Debra Bush, John Sydney, Sherrolyn Newell
University of Phoenix CJA/423
November 21, 2010
Facilitator: Stephen Humphries
CERTIFICATE OF ORIGINALITY: I certify that the attached paper, which was produced for the class identified above, is my original work and has not previously been submitted by me or by anyone else for any class. I further declare that I have cited all sources from which I used language, ideas and information, whether quoted verbatim or paraphrased, and that any and all assistance of any kind, which I received while producing this paper, has been acknowledged in the References section. This paper includes no trademarked material, logos, or images from the Internet, which I do not have written permission to include. I further agree that my name typed on the line below is intended to have, and shall have the same validity as my handwritten signature.
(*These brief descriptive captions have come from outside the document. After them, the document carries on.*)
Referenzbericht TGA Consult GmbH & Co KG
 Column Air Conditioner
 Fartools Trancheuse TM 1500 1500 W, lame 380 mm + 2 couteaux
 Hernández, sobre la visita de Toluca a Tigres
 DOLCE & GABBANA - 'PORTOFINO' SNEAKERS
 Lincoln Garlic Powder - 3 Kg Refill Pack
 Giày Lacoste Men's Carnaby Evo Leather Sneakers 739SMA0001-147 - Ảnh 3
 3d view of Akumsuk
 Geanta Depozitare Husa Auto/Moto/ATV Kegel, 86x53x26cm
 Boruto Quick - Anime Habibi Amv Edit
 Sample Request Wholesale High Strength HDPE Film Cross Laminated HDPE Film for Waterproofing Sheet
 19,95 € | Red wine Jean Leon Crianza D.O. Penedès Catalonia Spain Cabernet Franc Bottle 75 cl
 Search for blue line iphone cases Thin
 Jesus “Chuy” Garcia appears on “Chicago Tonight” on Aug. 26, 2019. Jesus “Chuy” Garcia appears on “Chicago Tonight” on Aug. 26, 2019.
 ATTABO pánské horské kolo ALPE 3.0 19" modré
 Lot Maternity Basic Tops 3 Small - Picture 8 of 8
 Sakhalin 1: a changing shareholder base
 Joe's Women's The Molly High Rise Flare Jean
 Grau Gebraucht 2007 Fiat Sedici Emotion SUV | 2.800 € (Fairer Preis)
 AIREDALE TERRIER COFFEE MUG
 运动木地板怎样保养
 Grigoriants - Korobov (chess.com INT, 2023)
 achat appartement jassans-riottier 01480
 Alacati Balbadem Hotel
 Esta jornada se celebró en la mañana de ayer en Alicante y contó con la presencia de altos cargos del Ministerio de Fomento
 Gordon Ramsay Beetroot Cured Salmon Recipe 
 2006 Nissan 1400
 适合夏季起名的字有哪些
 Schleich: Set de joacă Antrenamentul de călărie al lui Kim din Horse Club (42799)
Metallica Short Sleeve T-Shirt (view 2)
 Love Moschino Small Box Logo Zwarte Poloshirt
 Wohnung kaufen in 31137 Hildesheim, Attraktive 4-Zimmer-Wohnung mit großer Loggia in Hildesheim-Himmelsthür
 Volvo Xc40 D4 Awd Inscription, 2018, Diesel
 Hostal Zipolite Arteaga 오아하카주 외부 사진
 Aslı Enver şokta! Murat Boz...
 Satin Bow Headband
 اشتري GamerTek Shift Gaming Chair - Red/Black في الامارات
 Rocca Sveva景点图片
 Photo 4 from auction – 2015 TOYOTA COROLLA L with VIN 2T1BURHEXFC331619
Student's signature (name typed here is equivalent to a signature): Debra Bush, Sherrolyn Newel, and John Sydney
Abstract This paper will focus on race-based jury nullification as one of the remaining barriers to racial equality in the American system of justice. The paper will also focus on examples of past and present-day race-based jury nullification and shows how the exercise of race-base jury nullification is an ongoing source of controversy in American life. The controversy emanates from a lack of direct goals within the system. Finally, the paper will conclude by indicating that because of racial biases or motives, a jury may not always vote according to the facts presented.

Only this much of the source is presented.